É Tudo Verdade: Um Olhar Inquieto – O Cinema de Jorge Bodanzky

O homem com a câmera

“Tendo as imagens, eu já tenho tudo”, diz Jorge Bodanzky a certa altura desse documentário autobiográfico assinado por ele e por Liliane Maia. Não por acaso, o livro que eu e ele fizemos juntos se chama O Homem com a Câmera. Bodanzky considera o aparato de filmagem (atualmente, um celular) uma extensão do seu olhar e do seu corpo. Como fotógrafo, cinegrafista e diretor, sua obra é uma masterclass sobre o poder das imagens.

Nesse filme ele passa em revista boa parte de sua obra, ao mesmo tempo em que retorna a um local importante do início de sua carreira. Na selva do Mato Grosso, em 1973, ele filmou do avião uma maloca isolada de indígenas cinta-larga, que teriam desfechado flechas para o alto em direção à aeronave, aquela coisa por eles desconhecida. Cena semelhante seria encenada por Hector Babenco em Brincando nos Campos do Senhor.

Em 2022, Bodanzky voltou ao Mato Grosso em busca de vestígios de memória desse episódio e do Projeto Humboldt, uma cidade científica que foi planejada e nunca concretizada. Enquanto filma com seu celular, o cineasta é filmado por uma equipe, em regime de registro duplo. Tem um encontro comovente com um topógrafo capturado por sua câmera quando criança no Mato Grosso. Faz contato também com cinta-largas que estariam na maloca sobrevoada pelo avião.

Numa terceira camada – e que acaba sendo a mais preponderante –, Bodanzky comenta seus principais trabalhos, seja as reportagens aventurescas que fazia com o jornalista Karl Brugger para a TV alemã, seja os seus filmes para cinema. Iracema, Gitirana, Caminhos de Valderez, Terceiro Milênio e A Propósito de Tristes Trópicos ganham as maiores atenções e situam a obra do cineasta num fértil cruzamento entre a antropologia e a política, o ambientalismo e a realidade social brasileira.

Há ali um tesouro de imagens, nunca vistas antes, das viagens de Bodanzky pelo Brasil e a América Latina. Histórias de um cineasta sempre em movimento e pronto para expedições às vezes inusitadas. Como a procura de uma certa cidade sagrada de Akakor no coração da Amazônia.
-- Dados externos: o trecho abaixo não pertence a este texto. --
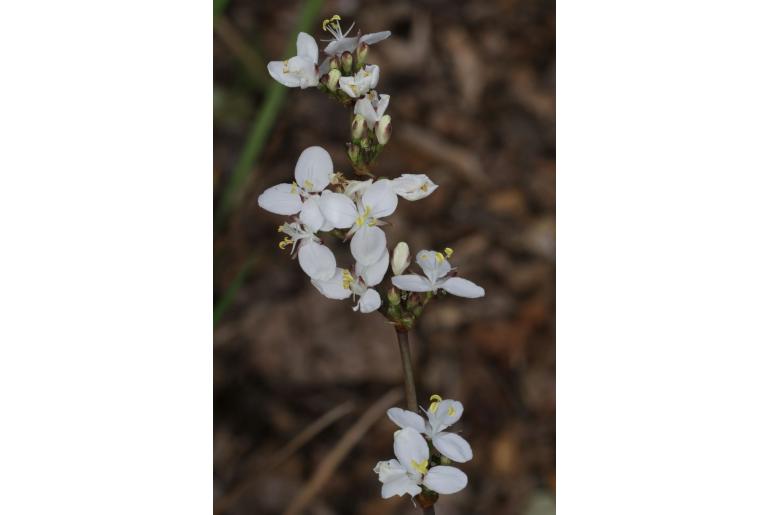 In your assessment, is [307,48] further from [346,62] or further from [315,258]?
[315,258]

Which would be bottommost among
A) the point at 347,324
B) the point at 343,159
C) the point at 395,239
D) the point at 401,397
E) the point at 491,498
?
the point at 491,498

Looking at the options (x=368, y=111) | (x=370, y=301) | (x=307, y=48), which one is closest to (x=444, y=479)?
(x=370, y=301)

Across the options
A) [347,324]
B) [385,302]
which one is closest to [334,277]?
[385,302]

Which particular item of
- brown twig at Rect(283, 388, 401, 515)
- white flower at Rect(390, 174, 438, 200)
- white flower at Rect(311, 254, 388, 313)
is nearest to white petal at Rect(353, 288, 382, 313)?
white flower at Rect(311, 254, 388, 313)

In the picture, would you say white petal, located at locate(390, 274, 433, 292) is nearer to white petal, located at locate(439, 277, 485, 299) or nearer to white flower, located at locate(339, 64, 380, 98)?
white petal, located at locate(439, 277, 485, 299)

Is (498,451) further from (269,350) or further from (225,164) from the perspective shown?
(225,164)

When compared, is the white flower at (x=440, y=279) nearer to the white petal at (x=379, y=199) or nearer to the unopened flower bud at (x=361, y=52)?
the white petal at (x=379, y=199)

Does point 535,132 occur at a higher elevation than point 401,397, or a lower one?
higher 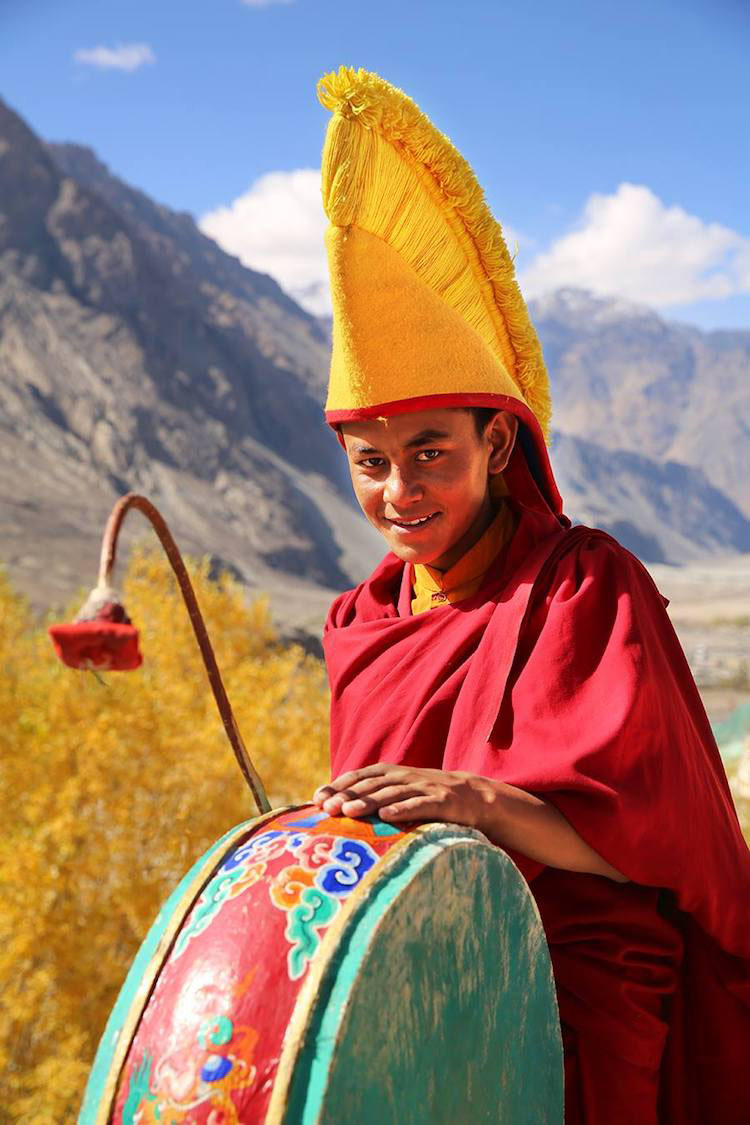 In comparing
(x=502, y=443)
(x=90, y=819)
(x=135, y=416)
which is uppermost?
(x=135, y=416)

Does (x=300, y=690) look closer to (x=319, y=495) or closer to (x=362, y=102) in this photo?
(x=362, y=102)

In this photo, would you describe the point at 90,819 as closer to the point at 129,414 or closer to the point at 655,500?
the point at 129,414

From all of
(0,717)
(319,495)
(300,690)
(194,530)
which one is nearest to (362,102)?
(0,717)

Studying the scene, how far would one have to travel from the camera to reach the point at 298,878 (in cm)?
115

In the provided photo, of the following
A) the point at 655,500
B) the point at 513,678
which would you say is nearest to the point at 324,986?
the point at 513,678

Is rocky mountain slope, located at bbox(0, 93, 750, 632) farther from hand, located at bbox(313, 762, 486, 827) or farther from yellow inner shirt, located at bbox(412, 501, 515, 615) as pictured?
hand, located at bbox(313, 762, 486, 827)

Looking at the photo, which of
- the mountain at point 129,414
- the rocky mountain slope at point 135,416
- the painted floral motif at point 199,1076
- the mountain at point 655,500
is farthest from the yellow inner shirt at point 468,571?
the mountain at point 655,500

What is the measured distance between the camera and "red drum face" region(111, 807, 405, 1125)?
3.36 ft

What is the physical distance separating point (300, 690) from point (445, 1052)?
16644mm

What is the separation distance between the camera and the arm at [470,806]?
1.27m

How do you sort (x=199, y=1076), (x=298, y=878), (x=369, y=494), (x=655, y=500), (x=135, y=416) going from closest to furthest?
(x=199, y=1076), (x=298, y=878), (x=369, y=494), (x=135, y=416), (x=655, y=500)

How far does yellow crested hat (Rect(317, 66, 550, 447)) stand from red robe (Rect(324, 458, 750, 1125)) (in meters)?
0.34

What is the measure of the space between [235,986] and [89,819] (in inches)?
444

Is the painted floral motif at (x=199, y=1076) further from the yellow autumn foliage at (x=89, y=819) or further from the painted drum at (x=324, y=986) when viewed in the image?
the yellow autumn foliage at (x=89, y=819) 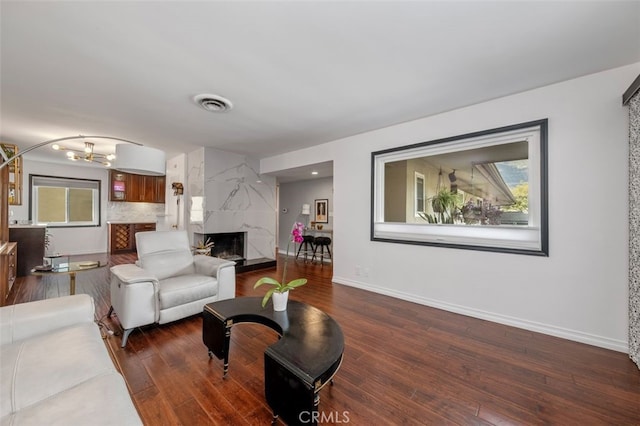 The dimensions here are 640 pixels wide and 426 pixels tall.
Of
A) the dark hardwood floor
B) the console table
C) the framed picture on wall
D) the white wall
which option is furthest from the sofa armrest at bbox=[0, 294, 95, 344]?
the framed picture on wall

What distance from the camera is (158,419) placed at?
1362 mm

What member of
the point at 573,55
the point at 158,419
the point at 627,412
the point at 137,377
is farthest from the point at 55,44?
the point at 627,412

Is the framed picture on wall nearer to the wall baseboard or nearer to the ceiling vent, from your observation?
the wall baseboard

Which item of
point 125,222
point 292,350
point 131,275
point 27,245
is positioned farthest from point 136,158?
point 125,222

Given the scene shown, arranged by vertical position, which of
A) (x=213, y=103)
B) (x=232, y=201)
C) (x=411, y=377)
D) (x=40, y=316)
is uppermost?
(x=213, y=103)

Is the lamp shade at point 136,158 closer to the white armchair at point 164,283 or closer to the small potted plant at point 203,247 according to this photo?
the white armchair at point 164,283

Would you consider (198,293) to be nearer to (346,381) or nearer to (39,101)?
(346,381)

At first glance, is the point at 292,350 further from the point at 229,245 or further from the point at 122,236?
the point at 122,236

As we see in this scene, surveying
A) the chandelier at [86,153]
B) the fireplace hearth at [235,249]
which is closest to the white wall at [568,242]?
the fireplace hearth at [235,249]

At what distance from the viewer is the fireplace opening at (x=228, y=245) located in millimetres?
5059

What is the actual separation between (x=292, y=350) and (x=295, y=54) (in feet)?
7.11

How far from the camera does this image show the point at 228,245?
533cm

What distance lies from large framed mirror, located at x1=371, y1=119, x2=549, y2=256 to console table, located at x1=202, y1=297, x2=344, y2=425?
2.16m

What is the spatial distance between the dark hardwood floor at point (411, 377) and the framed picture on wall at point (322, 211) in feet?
13.2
Um Olhar Inquieto: O Cinema de Jorge Bodanzky, no entanto, me deixou uma inquietação. As imagens do sobrevoo de 1973 não permitem identificar o disparo de flechas contra o avião. Precisamos acreditar nos relatos orais. Isso contradiz a afirmação de Bodanzky de que Um Olhar Inquieto seria um filme onde as imagens falariam por si. Ao contrário, por mais que as imagens falem, é sua voz que narra sua trajetória. Isso, porém, em nada invalida a importância desse novo contato com Bodanzky e seu imprescindível arquivo, hoje aos cuidados do Instituto Moreira Salles.